ACTIVITY →
Transcribe the listing from its top line through the line with "916 Gold Fancy". Keep it exact, both ends included, and add nothing.

RECORDS SUPPLIED →
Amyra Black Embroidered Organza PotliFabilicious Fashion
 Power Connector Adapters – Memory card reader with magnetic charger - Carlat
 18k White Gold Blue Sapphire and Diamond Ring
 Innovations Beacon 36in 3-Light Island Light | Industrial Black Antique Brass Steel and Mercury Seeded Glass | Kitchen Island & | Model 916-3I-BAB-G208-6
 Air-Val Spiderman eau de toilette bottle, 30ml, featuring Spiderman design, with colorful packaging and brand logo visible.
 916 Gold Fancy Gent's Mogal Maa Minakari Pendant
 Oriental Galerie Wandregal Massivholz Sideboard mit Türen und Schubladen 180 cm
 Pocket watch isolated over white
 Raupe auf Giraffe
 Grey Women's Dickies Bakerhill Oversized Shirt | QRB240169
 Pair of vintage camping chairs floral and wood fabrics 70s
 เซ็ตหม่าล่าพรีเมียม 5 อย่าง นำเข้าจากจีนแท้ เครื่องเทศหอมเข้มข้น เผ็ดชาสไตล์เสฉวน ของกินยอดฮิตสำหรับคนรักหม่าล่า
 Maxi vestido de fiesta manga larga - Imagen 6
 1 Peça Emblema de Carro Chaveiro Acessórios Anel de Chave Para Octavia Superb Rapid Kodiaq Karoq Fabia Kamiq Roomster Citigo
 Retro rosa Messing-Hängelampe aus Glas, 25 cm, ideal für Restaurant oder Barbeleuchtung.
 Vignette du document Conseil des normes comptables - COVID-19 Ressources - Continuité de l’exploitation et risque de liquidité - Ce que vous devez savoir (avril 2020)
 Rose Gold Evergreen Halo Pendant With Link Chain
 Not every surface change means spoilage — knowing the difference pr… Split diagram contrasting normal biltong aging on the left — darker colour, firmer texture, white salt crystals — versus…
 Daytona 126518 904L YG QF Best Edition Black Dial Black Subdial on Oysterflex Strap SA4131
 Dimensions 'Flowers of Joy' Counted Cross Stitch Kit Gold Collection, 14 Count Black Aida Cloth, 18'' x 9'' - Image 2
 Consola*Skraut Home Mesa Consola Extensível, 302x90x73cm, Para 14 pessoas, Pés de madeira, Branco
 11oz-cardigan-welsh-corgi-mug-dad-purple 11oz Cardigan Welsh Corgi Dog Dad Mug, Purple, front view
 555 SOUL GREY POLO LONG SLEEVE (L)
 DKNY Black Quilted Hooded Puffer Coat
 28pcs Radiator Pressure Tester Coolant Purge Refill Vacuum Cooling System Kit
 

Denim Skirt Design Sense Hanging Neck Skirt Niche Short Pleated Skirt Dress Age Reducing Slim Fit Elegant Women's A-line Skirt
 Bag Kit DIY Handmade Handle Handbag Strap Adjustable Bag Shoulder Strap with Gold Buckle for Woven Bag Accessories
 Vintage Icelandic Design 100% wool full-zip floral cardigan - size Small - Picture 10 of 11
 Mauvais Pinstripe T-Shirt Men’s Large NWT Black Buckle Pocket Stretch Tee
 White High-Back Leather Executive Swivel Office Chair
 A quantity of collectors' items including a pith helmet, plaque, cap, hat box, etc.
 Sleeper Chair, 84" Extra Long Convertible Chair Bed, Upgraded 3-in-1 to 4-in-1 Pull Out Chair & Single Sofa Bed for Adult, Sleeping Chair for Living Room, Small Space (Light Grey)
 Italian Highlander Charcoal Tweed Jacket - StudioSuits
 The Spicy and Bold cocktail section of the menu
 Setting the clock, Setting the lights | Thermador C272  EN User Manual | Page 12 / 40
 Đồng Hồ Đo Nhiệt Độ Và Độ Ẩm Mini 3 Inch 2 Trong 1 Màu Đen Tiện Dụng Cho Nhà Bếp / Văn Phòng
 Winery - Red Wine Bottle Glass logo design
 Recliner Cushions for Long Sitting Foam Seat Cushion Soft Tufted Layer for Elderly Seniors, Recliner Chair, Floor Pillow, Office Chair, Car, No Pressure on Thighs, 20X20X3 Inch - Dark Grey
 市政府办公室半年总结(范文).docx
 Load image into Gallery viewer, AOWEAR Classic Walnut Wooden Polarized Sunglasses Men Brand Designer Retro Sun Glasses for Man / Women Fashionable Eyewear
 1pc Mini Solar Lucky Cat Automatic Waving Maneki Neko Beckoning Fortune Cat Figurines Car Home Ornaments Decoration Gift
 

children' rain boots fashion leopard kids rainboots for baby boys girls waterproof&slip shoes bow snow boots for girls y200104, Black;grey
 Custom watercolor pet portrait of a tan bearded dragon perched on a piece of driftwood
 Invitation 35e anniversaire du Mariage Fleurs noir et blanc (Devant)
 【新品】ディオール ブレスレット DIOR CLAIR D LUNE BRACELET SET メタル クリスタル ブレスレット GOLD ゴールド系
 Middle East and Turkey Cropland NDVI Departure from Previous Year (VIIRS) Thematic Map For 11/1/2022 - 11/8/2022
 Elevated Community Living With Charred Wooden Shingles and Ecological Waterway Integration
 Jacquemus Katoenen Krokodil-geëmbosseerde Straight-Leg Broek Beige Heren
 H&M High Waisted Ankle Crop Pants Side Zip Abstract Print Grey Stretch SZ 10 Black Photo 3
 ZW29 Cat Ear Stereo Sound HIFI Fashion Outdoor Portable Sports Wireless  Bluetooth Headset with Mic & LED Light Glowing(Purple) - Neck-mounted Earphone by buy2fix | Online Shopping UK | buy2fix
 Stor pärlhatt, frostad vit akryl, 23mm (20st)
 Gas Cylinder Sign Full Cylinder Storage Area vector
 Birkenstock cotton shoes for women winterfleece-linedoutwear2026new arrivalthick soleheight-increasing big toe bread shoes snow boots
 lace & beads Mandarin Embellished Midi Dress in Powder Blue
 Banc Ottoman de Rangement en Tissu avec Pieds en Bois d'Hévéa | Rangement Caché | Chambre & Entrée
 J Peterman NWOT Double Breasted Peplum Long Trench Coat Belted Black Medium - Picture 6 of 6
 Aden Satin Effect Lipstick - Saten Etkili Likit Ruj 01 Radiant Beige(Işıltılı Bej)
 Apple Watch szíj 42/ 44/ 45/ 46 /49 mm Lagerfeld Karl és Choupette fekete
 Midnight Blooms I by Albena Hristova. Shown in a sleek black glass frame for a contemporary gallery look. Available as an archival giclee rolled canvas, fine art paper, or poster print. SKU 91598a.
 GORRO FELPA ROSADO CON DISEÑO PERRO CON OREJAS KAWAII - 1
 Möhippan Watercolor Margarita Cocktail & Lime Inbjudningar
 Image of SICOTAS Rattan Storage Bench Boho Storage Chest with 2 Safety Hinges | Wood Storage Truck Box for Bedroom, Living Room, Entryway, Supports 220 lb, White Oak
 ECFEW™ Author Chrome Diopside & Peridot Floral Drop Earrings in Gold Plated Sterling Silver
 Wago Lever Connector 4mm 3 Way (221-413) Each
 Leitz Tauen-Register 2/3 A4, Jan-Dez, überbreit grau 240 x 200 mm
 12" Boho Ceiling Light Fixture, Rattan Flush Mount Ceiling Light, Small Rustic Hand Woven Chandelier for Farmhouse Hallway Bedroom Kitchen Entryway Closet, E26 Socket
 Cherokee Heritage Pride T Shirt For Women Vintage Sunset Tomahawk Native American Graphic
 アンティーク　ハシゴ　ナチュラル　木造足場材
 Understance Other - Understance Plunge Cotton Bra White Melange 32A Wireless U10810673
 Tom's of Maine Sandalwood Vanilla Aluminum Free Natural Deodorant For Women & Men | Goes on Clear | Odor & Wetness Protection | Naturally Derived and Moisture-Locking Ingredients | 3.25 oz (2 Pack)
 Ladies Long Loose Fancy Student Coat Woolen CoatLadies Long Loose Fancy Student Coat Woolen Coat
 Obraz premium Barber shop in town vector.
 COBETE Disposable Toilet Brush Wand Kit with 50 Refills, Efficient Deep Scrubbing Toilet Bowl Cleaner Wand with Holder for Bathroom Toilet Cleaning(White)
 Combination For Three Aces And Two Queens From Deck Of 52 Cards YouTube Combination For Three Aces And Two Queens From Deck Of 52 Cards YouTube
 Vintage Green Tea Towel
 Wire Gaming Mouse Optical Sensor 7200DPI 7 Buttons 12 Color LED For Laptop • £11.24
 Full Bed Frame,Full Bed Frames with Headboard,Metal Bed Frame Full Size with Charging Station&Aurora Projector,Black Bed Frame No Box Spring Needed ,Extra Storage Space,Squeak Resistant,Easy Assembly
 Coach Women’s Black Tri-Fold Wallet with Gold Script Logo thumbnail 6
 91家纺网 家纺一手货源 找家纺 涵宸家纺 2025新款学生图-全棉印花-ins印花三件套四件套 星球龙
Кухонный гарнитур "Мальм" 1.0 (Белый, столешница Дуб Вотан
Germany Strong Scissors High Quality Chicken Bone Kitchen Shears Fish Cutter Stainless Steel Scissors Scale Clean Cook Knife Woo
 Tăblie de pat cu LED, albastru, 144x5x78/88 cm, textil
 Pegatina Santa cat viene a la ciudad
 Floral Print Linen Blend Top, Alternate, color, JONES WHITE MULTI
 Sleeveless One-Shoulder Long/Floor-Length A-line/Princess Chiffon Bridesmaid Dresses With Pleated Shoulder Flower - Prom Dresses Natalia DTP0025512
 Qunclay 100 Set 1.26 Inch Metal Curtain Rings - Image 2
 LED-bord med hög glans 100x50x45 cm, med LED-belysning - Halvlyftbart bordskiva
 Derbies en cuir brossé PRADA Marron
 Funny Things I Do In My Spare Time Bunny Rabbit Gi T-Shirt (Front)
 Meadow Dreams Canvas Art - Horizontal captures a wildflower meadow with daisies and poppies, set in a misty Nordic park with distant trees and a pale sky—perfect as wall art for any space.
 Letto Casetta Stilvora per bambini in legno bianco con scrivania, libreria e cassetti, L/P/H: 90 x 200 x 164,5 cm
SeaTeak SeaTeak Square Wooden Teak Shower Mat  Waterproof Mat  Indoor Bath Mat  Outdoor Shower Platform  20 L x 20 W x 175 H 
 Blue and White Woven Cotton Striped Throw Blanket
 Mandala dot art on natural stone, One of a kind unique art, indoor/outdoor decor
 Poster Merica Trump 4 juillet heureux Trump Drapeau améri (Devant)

SOLUTION FOR THIS EXERCISE →
Amyra Black Embroidered Organza PotliFabilicious Fashion
 Power Connector Adapters – Memory card reader with magnetic charger - Carlat
 18k White Gold Blue Sapphire and Diamond Ring
 Innovations Beacon 36in 3-Light Island Light | Industrial Black Antique Brass Steel and Mercury Seeded Glass | Kitchen Island & | Model 916-3I-BAB-G208-6
 Air-Val Spiderman eau de toilette bottle, 30ml, featuring Spiderman design, with colorful packaging and brand logo visible.
 916 Gold Fancy Gent's Mogal Maa Minakari Pendant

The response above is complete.